Go all out...always.

This post will be a veritable visual cornucopia of my adventures today.

To begin with, here is today's 'mise en place' (yep...its french...I'm edumicated):



Here is a quick trip around the pile of goodness. Starting in the bottom left we have a bag of pork fatback. The most amazing fat. In fact it is so amazing let me pause here to expound a bit. It is so wonderful that the Spanish and others use it to prepare a dish called...exquisitely...Lardo. No joke. And yes, if you are asking yourself "Is Jeremy actually going to make that?!?" Yes my friend, I am. and if you come over I might give you some...sliced paper thin on some of my wife's awesome toasted bread...with a strong Scotch ale...

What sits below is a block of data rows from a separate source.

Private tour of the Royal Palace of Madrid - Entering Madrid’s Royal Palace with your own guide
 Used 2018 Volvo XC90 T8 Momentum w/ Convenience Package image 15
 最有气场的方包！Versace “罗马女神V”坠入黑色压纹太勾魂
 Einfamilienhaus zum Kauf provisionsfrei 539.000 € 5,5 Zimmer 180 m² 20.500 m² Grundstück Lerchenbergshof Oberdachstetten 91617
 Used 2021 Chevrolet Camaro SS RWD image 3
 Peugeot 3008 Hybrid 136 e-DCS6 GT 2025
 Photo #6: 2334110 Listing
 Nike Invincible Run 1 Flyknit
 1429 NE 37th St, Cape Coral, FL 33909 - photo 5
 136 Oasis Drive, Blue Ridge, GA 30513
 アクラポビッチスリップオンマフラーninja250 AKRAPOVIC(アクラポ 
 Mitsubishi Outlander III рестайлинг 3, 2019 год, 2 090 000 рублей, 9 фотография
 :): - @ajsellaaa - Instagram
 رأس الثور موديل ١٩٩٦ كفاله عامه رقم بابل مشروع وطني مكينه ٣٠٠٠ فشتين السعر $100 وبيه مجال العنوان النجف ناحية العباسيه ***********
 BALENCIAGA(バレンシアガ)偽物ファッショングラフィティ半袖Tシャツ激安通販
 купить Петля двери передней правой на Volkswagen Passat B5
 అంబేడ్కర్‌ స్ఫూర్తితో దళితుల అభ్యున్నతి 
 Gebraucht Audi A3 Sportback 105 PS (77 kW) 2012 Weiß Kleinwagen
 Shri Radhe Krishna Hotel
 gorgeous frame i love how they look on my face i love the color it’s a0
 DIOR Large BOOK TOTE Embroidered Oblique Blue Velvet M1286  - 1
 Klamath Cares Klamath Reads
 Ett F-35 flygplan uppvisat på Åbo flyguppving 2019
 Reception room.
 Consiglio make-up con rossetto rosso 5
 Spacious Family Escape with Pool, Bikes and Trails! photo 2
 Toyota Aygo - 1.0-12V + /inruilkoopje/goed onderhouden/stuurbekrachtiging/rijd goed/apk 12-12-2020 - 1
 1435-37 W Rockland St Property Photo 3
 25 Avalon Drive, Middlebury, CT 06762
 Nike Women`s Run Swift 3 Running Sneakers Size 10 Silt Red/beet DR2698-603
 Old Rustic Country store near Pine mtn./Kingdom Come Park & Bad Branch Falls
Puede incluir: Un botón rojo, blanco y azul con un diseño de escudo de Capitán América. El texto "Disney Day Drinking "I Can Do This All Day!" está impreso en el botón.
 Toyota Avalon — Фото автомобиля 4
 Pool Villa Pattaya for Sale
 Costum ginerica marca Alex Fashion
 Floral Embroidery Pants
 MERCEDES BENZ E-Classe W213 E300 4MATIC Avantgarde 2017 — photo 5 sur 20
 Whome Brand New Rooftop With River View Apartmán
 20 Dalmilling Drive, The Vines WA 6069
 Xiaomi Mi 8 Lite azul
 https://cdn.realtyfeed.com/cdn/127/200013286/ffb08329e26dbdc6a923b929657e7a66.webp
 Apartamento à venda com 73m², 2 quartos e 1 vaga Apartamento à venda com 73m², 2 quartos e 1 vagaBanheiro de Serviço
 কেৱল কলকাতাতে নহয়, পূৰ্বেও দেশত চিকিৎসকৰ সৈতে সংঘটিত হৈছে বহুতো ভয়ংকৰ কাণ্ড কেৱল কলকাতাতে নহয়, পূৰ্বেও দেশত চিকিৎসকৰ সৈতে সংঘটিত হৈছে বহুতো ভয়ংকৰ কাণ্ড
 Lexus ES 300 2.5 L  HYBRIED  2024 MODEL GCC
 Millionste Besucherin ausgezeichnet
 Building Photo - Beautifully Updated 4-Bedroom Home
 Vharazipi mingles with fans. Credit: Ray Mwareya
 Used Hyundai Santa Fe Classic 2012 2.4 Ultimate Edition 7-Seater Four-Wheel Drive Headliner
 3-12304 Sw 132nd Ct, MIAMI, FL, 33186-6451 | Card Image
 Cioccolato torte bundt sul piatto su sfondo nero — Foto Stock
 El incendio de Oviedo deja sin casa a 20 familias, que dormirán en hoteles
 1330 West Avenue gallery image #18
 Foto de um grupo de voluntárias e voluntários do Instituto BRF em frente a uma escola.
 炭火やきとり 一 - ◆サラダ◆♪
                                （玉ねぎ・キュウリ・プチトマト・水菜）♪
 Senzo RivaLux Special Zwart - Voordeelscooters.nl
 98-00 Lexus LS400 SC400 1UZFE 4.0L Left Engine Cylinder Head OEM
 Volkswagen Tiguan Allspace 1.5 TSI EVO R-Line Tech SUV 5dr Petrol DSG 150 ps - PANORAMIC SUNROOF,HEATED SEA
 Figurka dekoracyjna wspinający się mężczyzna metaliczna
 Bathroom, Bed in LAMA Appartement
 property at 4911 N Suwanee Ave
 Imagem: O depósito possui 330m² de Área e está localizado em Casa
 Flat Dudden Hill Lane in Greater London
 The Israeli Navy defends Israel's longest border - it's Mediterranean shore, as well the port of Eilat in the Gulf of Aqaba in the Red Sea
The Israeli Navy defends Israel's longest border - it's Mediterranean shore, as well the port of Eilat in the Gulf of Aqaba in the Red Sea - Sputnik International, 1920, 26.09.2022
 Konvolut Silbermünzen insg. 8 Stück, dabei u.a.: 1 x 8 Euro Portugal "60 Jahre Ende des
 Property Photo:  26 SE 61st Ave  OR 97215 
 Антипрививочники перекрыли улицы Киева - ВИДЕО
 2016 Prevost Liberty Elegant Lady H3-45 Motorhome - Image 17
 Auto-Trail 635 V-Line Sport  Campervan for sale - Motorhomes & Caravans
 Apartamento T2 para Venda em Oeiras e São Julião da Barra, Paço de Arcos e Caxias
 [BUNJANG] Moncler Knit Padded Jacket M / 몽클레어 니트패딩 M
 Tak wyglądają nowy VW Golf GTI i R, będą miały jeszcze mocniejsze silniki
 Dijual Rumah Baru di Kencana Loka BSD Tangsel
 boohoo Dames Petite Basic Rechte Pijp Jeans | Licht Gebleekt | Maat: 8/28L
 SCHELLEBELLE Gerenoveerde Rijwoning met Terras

This is pure fat. Here is a closer picture:



Those few slivers of meat are all that exist. This fatback came off a hog that was slaughtered this morning. I love living down the street from the butcher. The hogs are raised by a local farmer. All grain fed and pretty fatty. Not like those chump hogs that commercial farmers are raising these days.

So what is this fatback for? It is used to bump up the fat content in the sausage. Not a whole lot is needed, but sausage must have enough fat (or GROSS artificial binders) or it will fall apart and be in general un-sausage-like. We wouldn't want that.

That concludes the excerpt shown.